Chien enjoué et drôle, il a pour vocation d’aimer et de tenir compagnie à son maître et à tous les membres du foyer qu’il adore, tant son affection est parfois envahissante. Facétieux, il s’amuse d’un rien : déchiqueter une poubelle de bureau remplie de papier l’amusera autant que de voir ses maîtres essayer de l’attraper dans le jardin. Le Bouledogue Français a perdu toute l’agressivité qu’il pouvait avoir quand il était chasseur de rats dans les faubourgs de Pantin ou de la Villette. Il est devenu un chien très agréable, au caractère souple. Il sait s’adapter à ses maîtres, qu’il s’agisse d’un jeune couple sportif avec enfants ou d’une grand-mère tranquille. Il supporte mal les absences prolongées de ses maîtres et les longues journées de solitude. Il veut suivre son maître et sait se faire très discret pour ne pas le déranger s’il sent que l’heure est au travail. Il est tellement présent qu’il est devenu un personnage à part entière des aventures des fameux Triplés de Nicole Lambert. Peu aboyeur, il peut avertir de toute présence étrangère sans pour autant se transformer en redoutable cerbère.
Ce joyeux citadin supporte mal les efforts prolongés. Il a une préférence pour les balades tranquilles. Si vous êtes sportif, n’hésitez pas à lui faire pratiquer un sport qui lui convient, comme l’Agility. Très sociable, il aime la compagnie de ses congénères et même des autres animaux. Rustique et robuste, c’est ainsi que l’on peut qualifier le Bouledogue. Robuste car il a généralement une bonne santé et ne souffre en particulier d’aucune maladie. Rustique, avec une espérance de vie comprise entre 9 à 12 ans, il est, pour un petit molosse, au-dessus de la moyenne. Attention toutefois, comme toutes les " faces courtes ", il supporte difficilement les fortes chaleurs et ne doit jamais être laissé seul dans une voiture. Pensez à le surveiller au bord d’un étang ou d’une piscine car il ne nage pas avec aisance et peut couler : ses pattes trop petites et trop éloignées pour brasser assez d’eau ne lui permettent pas de maintenir sa tête hors de l’eau.

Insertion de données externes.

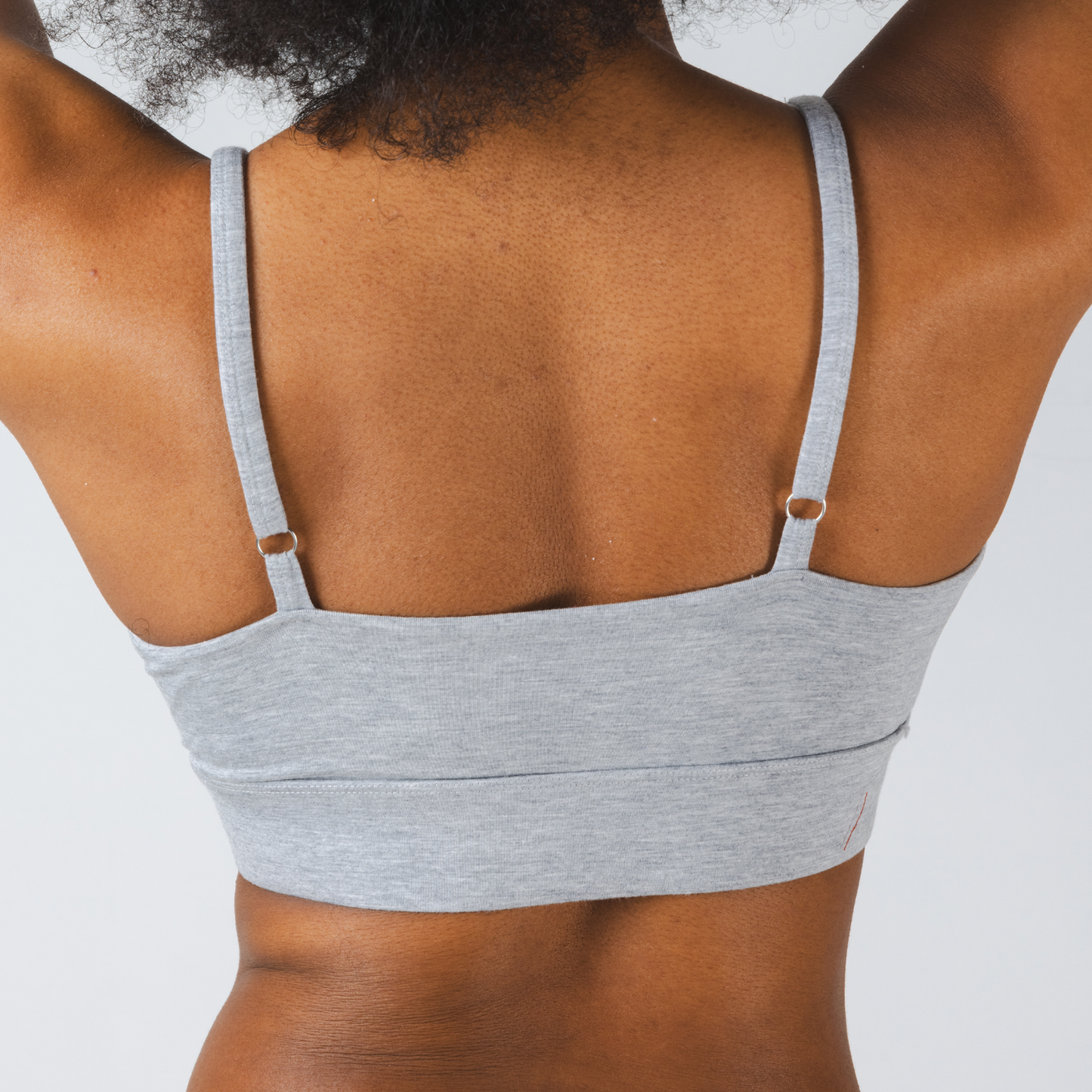 The Intramural Champ | Heather Grey Strappy Bralette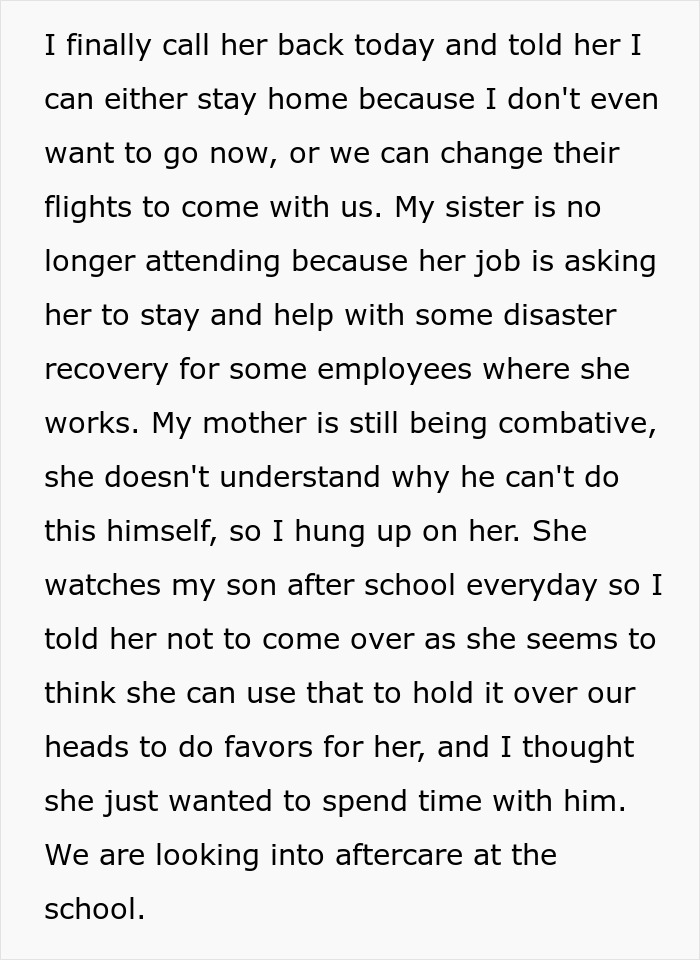 Grandma Hits The Roof After Daughter Blocks Her Plan To Dump Babysitting Duties On Son-In-Law Grandma Hits The Roof After Daughter Blocks Her Plan To Dump Babysitting Duties On Son-In-Law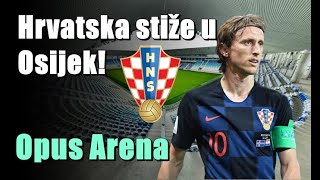 Hrvatska nogometna reprezentacija stiže u Osijek na Pampas  Opus Arena [upl. by Alin]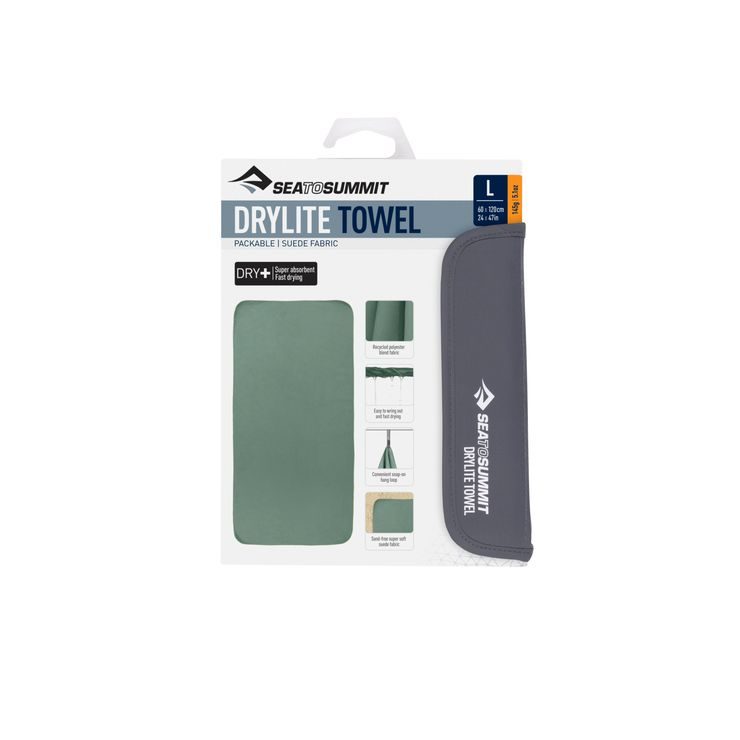 SEA TO SUMMIT Drylite Towel Large , Sage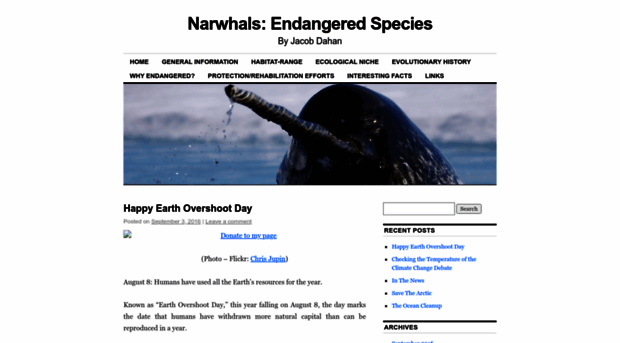 endangerednarwhals.org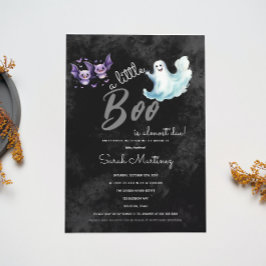 Little Boo Halloween Baby Dusche Einladung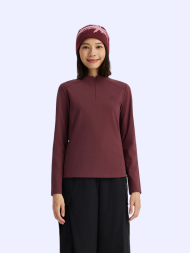 Женский лонгслив KELME Half-Open Long-sleeved T-shirt Burgundy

Avec son poil ras et serré, un bon brossage hebdomadaire à l’aide d’un gant en caoutchouc suffit à faire briller le poil de votre "Boule". Les plis de sa face et ses yeux doivent être l’objet de soins particuliers : ils devront être nettoyés régulièrement à l’eau chaude. Lorsqu’il est vraiment sale, après une balade en forêt boueuse, un bon bain ne lui fera pas de mal, toujours avec un shampoing adapté.

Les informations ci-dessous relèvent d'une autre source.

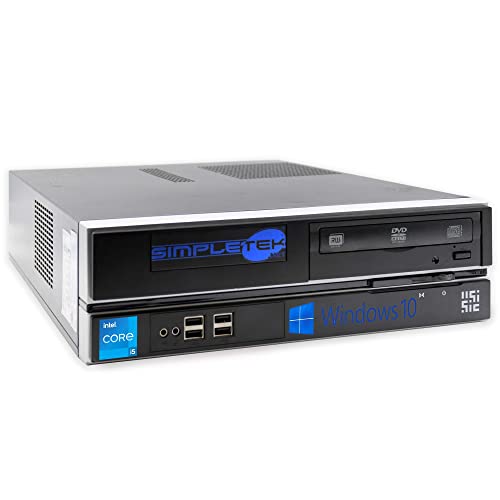 SIMPLETEK SFF Core i5 8 GB RAM 120 GB SSD Windows 10 Pro | Serielle Schnittstelle RS232 LPT (überholt) von SIMPLETEK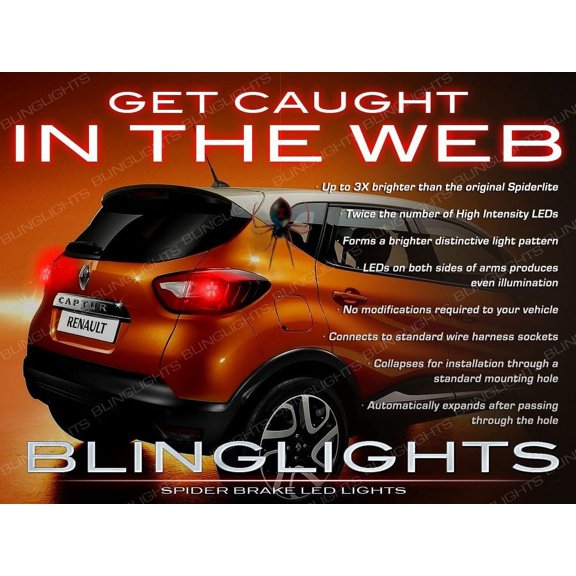 Renault Captur Custom LED Tail Lamps Light Bulbs Set Upgrade Replacement Pair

Sa renommée a multiplié le nombre de soi-disant éleveurs attirés par l’effet de mode et le profit. Or le Bouledogue Français est une race difficile à élever : les portées ne sont guère importantes et les mises-bas se déroulent fréquemment par césarienne. En vous rendant chez un éleveur reconnu et sérieux, vous pourrez voir la mère et ses chiots, et vous rendre compte de leur socialisation tout en visitant les installations. Une méthode éprouvée pour mettre toutes les chances de votre côté et repartir avec un chiot équilibré en pleine santé.